- 500g shallots, halved
- 3 tbsp olive oil
- Flour, for dusting
- 300g shortcrust pastry
- 200g chestnut mushrooms, sliced
- 100g smoked sausage or chorizo, sliced
- Small bunch of fresh flatleaf parsley, finely chopped
- Small bunch of fresh chives, finely chopped
- 3 large free-range eggs
- 3 tbsp crème fraîche
- Preheat the oven to 200°C/fan180°C/gas 6. Place the shallots in a roasting tin, drizzle with half the olive oil and roast for 30 minutes, until softened and golden.
- Put a 35cm x 12cm x 3cm deep, rectangular fluted tart tin (or a 23cm round tart tin) on a baking tray. On a lightly floured surface, roll out the pastry until 4cm bigger than the tin. Gently press the pastry into the base and sides of the tin. Trim the excess and prick the base with a fork. Chill for 20 minutes.

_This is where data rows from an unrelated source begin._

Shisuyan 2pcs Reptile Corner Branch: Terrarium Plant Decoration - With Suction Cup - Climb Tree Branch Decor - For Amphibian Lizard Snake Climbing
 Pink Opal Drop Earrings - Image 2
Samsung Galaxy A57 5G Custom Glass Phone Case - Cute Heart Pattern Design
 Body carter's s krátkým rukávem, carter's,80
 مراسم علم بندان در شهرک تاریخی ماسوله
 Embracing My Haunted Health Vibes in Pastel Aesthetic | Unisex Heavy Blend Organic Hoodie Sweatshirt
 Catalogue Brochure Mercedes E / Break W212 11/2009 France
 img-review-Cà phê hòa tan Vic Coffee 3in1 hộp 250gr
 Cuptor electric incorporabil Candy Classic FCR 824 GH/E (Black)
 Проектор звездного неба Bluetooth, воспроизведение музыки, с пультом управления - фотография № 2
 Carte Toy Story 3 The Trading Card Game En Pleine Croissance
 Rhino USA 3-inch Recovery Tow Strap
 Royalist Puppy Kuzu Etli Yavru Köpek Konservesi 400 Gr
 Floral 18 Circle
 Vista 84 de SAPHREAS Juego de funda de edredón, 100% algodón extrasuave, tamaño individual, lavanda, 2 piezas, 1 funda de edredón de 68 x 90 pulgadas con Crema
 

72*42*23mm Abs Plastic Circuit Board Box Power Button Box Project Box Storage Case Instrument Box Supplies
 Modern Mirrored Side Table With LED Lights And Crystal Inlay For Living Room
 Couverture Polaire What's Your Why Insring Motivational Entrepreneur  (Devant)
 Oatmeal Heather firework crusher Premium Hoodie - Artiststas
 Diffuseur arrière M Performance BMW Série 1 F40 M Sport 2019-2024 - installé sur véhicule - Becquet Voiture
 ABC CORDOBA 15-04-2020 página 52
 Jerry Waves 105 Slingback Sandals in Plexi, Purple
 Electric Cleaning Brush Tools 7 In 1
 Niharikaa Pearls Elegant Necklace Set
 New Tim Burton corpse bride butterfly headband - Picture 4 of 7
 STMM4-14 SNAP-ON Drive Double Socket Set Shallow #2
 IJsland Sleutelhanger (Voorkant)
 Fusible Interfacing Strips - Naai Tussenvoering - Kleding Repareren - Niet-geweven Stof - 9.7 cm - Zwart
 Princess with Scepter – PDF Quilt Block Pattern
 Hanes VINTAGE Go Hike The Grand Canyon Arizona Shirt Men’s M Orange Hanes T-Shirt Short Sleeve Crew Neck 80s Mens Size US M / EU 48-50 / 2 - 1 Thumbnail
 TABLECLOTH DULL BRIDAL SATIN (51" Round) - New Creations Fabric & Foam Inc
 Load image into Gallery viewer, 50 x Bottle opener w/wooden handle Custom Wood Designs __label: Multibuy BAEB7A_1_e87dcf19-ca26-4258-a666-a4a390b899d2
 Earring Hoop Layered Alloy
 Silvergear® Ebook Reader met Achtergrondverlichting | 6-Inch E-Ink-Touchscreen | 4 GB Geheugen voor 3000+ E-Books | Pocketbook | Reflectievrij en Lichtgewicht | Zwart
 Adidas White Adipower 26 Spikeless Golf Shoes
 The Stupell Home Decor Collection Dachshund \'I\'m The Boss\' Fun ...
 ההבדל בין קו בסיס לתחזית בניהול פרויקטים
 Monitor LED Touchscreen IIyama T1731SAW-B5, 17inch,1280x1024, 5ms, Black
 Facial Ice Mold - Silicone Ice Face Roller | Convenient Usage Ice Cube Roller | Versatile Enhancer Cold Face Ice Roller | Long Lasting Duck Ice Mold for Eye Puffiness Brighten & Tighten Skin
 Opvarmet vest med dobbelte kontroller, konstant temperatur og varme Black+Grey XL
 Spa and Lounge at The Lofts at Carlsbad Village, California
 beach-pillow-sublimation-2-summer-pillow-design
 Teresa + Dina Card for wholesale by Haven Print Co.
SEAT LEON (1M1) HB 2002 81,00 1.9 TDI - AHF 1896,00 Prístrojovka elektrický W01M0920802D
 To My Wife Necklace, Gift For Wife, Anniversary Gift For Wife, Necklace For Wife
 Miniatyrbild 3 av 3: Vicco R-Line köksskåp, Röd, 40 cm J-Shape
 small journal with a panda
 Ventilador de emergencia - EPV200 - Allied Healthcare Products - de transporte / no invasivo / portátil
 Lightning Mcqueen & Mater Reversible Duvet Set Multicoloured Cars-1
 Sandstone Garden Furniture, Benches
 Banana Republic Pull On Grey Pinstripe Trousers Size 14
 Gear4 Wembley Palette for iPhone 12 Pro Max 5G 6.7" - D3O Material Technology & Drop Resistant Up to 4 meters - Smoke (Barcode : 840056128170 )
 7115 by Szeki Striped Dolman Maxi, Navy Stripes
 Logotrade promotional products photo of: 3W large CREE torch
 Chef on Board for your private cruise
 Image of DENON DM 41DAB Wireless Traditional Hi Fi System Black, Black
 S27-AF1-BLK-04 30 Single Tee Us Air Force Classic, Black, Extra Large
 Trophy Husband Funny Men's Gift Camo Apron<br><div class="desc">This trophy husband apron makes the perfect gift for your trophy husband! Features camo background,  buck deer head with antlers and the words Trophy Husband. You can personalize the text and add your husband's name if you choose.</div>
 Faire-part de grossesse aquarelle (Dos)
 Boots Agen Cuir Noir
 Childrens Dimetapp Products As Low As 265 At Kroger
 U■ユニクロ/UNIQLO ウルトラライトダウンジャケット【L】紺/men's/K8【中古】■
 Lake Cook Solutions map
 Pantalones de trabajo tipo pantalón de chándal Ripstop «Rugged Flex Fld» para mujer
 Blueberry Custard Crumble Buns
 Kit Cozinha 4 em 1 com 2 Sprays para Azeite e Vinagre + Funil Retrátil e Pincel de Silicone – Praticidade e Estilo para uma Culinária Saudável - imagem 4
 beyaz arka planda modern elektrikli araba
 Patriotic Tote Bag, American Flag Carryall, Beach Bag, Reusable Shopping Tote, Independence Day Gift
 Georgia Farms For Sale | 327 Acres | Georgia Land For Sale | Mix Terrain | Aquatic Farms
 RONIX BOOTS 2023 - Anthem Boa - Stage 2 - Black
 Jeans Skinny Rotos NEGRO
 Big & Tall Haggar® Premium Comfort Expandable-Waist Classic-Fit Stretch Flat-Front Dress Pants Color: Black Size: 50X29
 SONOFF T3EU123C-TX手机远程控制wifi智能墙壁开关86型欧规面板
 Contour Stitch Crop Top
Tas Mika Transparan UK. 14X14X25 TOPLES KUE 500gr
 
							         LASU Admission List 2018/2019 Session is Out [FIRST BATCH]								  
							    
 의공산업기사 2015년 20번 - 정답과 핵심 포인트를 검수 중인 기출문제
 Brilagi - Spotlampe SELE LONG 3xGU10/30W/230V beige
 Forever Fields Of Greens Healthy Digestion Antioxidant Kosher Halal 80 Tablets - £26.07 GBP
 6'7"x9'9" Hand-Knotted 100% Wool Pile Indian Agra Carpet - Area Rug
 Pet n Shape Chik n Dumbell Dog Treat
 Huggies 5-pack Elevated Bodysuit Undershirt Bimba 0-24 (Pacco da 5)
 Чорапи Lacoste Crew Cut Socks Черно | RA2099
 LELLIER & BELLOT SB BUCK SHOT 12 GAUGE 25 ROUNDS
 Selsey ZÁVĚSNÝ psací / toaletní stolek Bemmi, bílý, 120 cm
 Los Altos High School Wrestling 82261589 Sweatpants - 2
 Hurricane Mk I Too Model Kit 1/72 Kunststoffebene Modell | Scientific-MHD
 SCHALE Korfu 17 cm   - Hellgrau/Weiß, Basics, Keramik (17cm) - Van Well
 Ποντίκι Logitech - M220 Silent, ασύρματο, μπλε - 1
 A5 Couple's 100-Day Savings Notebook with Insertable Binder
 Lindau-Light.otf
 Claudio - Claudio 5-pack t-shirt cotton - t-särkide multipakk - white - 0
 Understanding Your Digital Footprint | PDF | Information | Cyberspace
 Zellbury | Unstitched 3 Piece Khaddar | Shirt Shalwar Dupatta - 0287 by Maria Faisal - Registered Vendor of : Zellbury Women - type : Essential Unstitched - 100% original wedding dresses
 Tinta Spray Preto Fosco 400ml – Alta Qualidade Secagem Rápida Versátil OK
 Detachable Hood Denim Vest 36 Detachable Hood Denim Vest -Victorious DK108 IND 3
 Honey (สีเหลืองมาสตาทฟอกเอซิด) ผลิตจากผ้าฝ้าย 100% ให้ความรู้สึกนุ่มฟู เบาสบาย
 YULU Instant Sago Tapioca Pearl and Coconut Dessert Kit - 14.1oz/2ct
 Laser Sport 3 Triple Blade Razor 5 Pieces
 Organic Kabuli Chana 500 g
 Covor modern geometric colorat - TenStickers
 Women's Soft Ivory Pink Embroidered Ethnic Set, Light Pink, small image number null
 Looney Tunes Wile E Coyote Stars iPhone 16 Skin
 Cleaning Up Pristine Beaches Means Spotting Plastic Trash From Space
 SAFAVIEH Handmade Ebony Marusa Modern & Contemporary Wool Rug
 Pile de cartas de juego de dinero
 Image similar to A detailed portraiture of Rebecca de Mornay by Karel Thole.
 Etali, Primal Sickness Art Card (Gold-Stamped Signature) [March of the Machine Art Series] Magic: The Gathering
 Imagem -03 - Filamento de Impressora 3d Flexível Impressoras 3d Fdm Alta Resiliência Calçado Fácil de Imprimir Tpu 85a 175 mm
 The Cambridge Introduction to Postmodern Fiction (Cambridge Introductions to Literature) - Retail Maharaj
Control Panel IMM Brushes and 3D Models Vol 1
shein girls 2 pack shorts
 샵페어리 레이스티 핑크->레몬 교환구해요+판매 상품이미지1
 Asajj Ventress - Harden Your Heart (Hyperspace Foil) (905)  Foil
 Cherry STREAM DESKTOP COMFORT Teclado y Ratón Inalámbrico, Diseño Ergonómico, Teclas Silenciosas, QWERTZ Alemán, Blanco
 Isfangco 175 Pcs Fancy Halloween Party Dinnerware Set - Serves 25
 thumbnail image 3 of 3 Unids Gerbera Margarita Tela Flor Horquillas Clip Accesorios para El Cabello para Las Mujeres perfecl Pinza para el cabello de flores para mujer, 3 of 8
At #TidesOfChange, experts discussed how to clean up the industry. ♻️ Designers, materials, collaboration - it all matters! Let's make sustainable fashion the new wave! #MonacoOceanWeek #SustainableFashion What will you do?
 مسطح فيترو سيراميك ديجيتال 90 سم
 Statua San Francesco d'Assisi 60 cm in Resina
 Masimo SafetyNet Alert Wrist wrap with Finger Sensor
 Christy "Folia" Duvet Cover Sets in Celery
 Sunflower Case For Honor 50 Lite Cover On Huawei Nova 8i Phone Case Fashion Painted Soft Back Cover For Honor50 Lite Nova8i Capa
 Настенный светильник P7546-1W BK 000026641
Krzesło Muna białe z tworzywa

- Put a sheet of baking paper on top of the pastry case, scrunching in the edges to fit. Fill with baking beans or rice and bake for 15 minutes.
- Meanwhile, heat the remaining oil in a large frying pan and cook the mushrooms for 4-5 minutes, until golden. Add the smoked sausage or chorizo and cook for a further 2-3 minutes. Remove from the heat, stir in half the herbs and some seasoning and set aside to cool a little.
- Whisk the eggs, crème fraîche and remaining herbs in a large jug.
- Spoon the sausage mixture into the pastry case. Pour over the egg mixture and top with the roasted shallots. Bake for 15 minutes, until the filling is set but still a little wobbly. Leave to stand for 5 minutes before serving.
- Suits a glass of red – try a slightly smoky Rhône Valley wine or a peppery Californian Zinfandel.